How Does Gcc(cpp) help me if I am not returning anything on a overloaded function that returns an object of any class?

Question

Bird's eye view : Following code should generate error when compiled.

#include <iostream>
using namespace std;

class Soap{
    int r;
public:
Soap(){
    r = 0;
}
Soap operator+(Soap &s){
    Soap new1;
    new1.r = r + s.r; 
    return new1;}

Soap& operator=(const Soap &s){
    r= s.r;
}
};
int main(){
    Soap p,q,r;
    r = p +q; 
}

Acc. to the code my Operator= should return something of type Soap. But as I did not include any return statement in the code, the operator= should have returned void. But then it would have generated an error saying non-void fn. is returning void (while compiling). But no such error is genrated.

This means that the gcc is returning Something of type Soap here. But what is it returning??? And how's it doing it without even me telling it ?

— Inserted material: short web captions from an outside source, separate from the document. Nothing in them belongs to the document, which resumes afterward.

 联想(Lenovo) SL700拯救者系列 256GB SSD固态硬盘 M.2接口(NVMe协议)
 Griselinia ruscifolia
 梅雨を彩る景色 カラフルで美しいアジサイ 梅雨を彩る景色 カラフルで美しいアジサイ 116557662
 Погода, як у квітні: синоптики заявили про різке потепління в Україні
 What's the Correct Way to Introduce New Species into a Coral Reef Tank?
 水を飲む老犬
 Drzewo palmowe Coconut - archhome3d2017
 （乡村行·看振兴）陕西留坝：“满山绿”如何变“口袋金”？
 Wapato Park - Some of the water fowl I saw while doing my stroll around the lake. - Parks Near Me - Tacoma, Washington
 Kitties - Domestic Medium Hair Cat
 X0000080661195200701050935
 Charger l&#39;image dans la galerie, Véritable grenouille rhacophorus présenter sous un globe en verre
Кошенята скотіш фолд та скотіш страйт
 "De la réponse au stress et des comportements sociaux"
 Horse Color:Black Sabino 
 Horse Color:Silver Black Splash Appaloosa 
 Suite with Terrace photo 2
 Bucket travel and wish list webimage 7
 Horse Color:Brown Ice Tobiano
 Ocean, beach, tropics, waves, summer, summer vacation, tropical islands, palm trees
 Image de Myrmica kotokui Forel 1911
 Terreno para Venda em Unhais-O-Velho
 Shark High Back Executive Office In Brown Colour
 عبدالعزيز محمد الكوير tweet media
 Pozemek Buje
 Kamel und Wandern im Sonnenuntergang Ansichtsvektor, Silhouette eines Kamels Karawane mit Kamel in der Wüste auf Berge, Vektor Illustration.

Edit : As my q is being compared to the q - Why does flowing off the end of a non-void function without returning a value not produce a compiler error? I will make my Q more clear.

While running the code when operator= is called by the compiler (i.e. when the statement r = p+r is executed) the function returns a soap type. I never typed return statement in the fn operator=, leaving aside the fact that during actual running a soap type is being returned !!! So what is gcc doing here ? Is it initialising and returning a Soap object even without me typing it ?

Answer 1

Your code has undefined behaviour. As the C++ standard says at §6.6.3/2:

Flowing off the end of a function is equivalent to a return with no value; this results in undefined behavior in a value-returning function.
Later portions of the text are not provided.